Mette Stausland, artiste originaire de Norvège, se consacre exclusivement au dessin que ce soit dans des petits ou grands formats ou des installations ou des œuvres conçues pour des espaces publics. Plusieurs séries sont menées de front parfois sur de longues périodes et semblent constituer une somme des possibilités graphiques allant des structures les plus complexes (série Bleu) aux tracés intuitifs les plus simples (série Coda) dans des techniques qui vont de la craie grasse au graphite. Les procédures matérielles (utilisation de la lithographie ou du collage) sont autant mises en avant que l’improvisation, la ligne vaut autant que la surface, le remplissage obsessionnel peut être contrebalancé par une série plus expressionniste.

Reading Rivers II (2012) appartient à la série Bleu qui doit sa dénomination à la dominante des œuvres (tout comme la série Jaune). Outre la dominante, la série Bleu est marquée par un remplissage méthodique de petits modules rectangulaires bleus laissant apparaître en réserve d’autres motifs rectangulaires blancs. Les motifs prennent différentes directions, forment des masses ondulantes qui s’enchevêtrent en un espace souvent all-over qui peut évoquer les structures aléatoires et chaotiques qui peuvent évoquer certains phénomènes que l’on observe dans la mécanique des fluides (émulsions, suspensions, tourbillons, etc.) et le titre choisi par l’artiste est éclairant sur la relation entretenue avec ces phénomènes — d’autant plus que l’on retrouve cette structuration dans différentes séries de l’artiste comme dans Coda ou dans Moving Parts ou dans certaines œuvres murales (Indigo Drift, 2013).

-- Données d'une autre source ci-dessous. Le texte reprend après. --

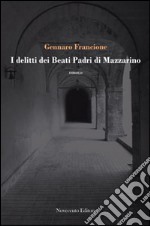 I delitti dei beati padri di Mazzarino libro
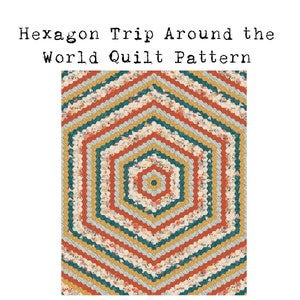 Hexagon Trip Around the World Quilt Pattern English Paper Pieced image 1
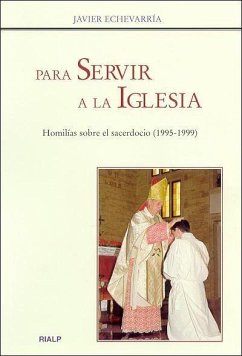 Para servir a la Iglesia : homilías sobre el sacerdocio (1995-1999) - Echevarría, Javier
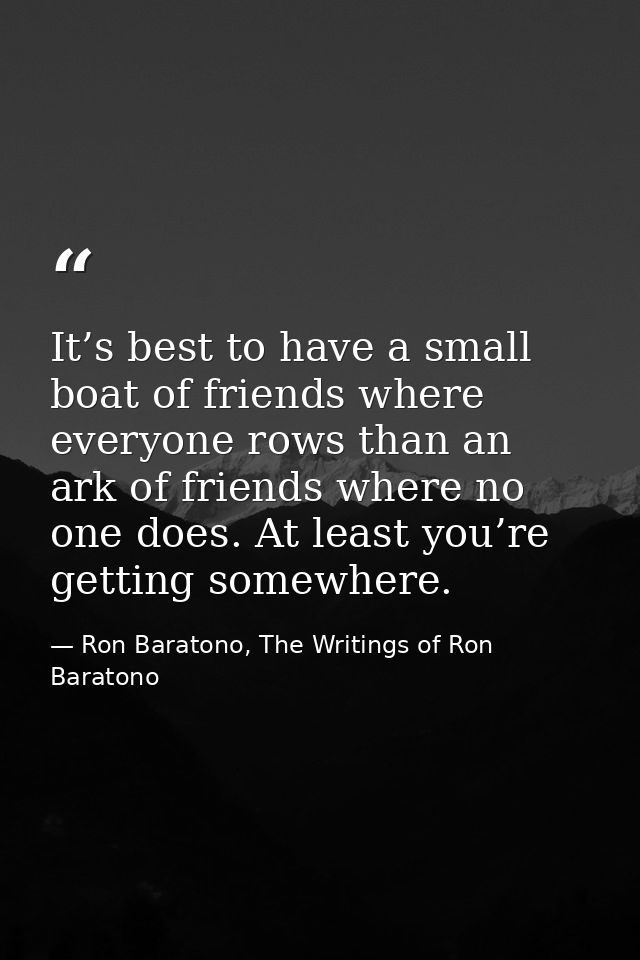 It’s best to have a small boat of friends where everyone rows than an ark of friends where no one does. At least you’re  — Ron Baratono, The Writings of Ron Baratono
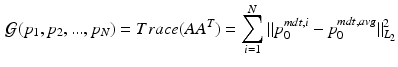 $$\begin{aligned} \mathcal {G}(p_1,p_2,...,p_N) = Trace(AA^T) = \sum _{i=1}^{N} \Vert p^{mdt,i}_0 - p^{mdt,avg}_0\Vert _{L_2}^2 \end{aligned}$$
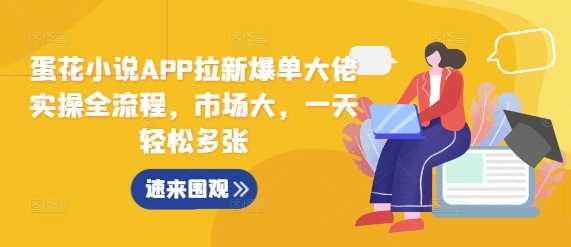 蛋花小说APP拉新爆单大佬实操全流程，市场大，一天轻松多张 - 严选资源大全 - 严选资源大全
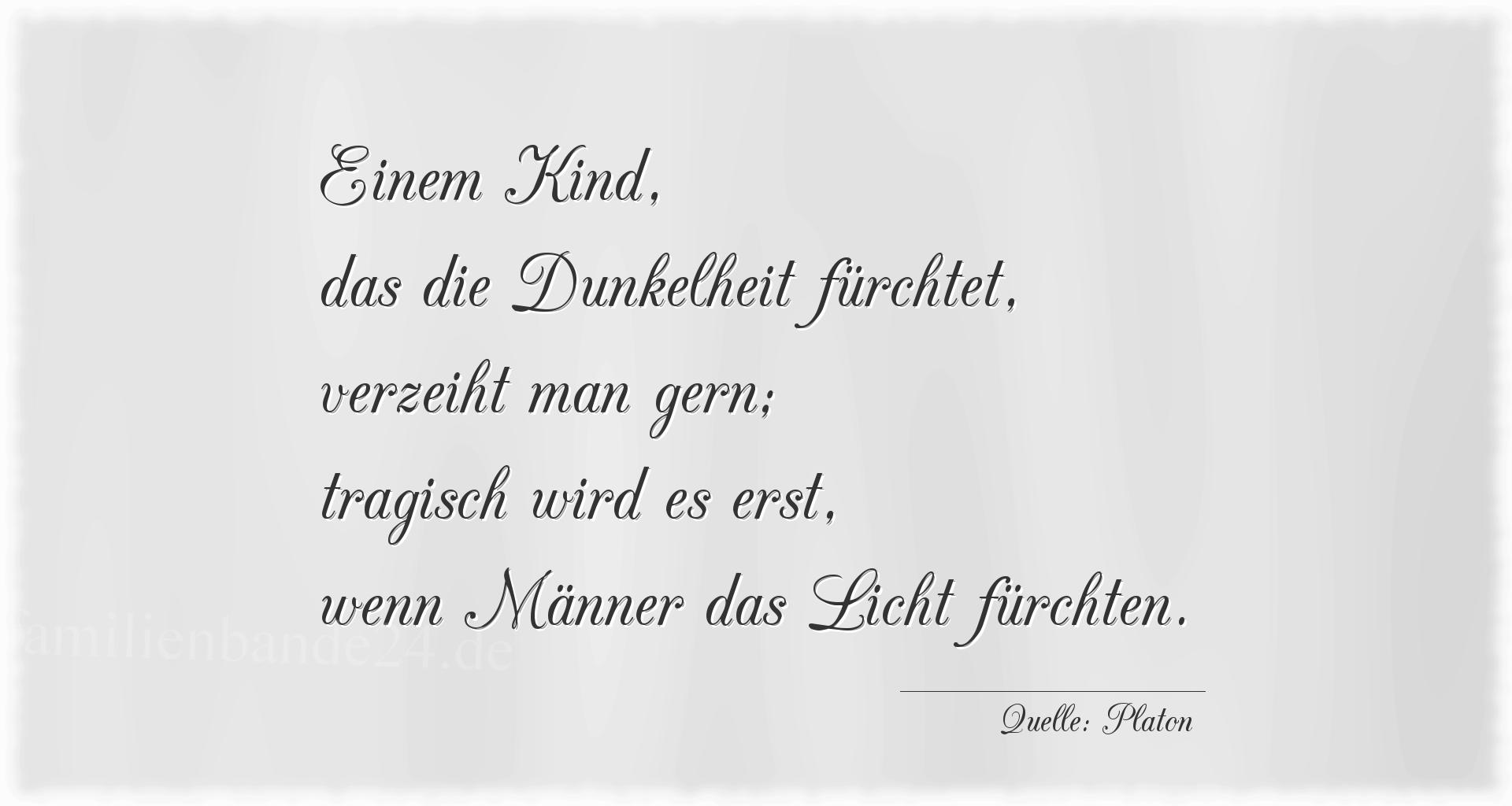 Aphorismus Nummer 1271 (von Platon): "Einem Kind, das die Dunkelheit fürchtet, verzeiht man ge [...]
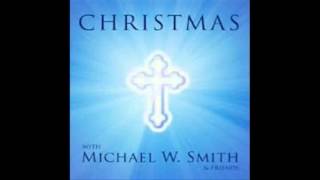 Michael W. Smith - Gloria Lyrics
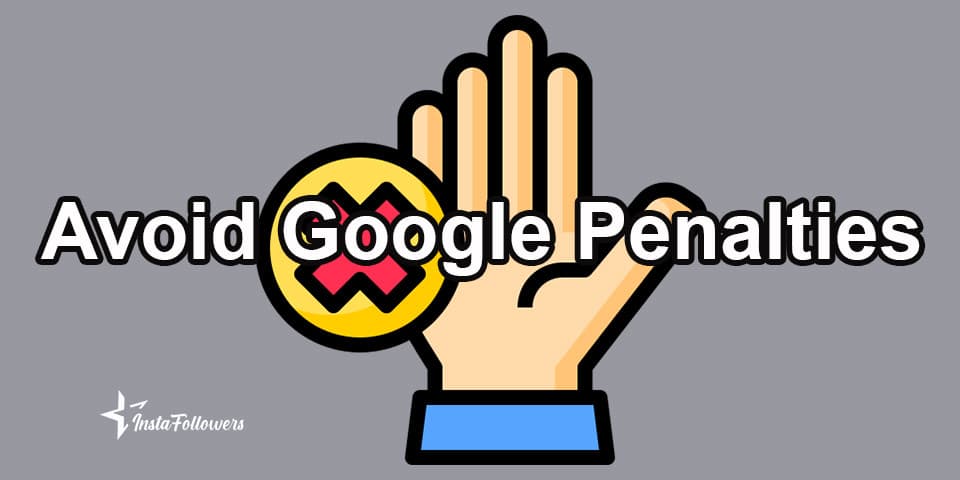 avoid Google penalties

Dans Reading Rivers II, le trait devient forme, la forme devient structure, la structure devient composition… le procédé dans son extrême simplicité et son caractère aléatoire ou improvisé finit par générer un espace complexe analogique d’un espace urbain ou d’un paysage composite perçu dans une vision aérienne. Ce caractère chaotique est renforcé par l’exécution manuelle permettant toutes les variations aussi bien dans la longueur que dans la largeur des modules et venant donner une vibration constante de la surface.

Dans le cas de l’œuvre du FRAC Auvergne, Mette Stausland a collé de fines bandelettes de papier blanc à la surface de son dessin. Le réseau continu est ainsi perturbé, interrompu, par une autre strate tout aussi aléatoire — comparable, si nous voulons poursuivre les analogies, à un réseau de chemins striant un paysage. Ce réseau vient relier ou irriguer les grandes surfaces blanches en réserve qui parsèment la surface et que l’on retrouve principalement sur les bords. Ce blanc n’apparaît plus comme un manque, une partie inachevée, mais comme une autre structure devenant forme et perdant son rôle de simple fond — cette inversion fond/forme est également présente dans Reading Rivers III (2013). Deux structures viennent s’opposer et semblent marquer deux forces différentes : une force centripète (le blanc) et centrifuge (le bleu) — mais l’on pourrait également penser à un phénomène d’absorption. On remarquera, enfin, que certains réseaux blancs sont poursuivis par des traits de crayons (principalement dans la partie inférieure) rajoutant une strate supplémentaire à l’ensemble et striant le blanc d’une manière encore différente, à la fois dessin sous-jacent, ébauche d’une structure, poursuite possible du réseau bleu tout autant que du réseau blanc, entretenant ou ajoutant une ambiguïté à un espace déjà sans cesse perturbé.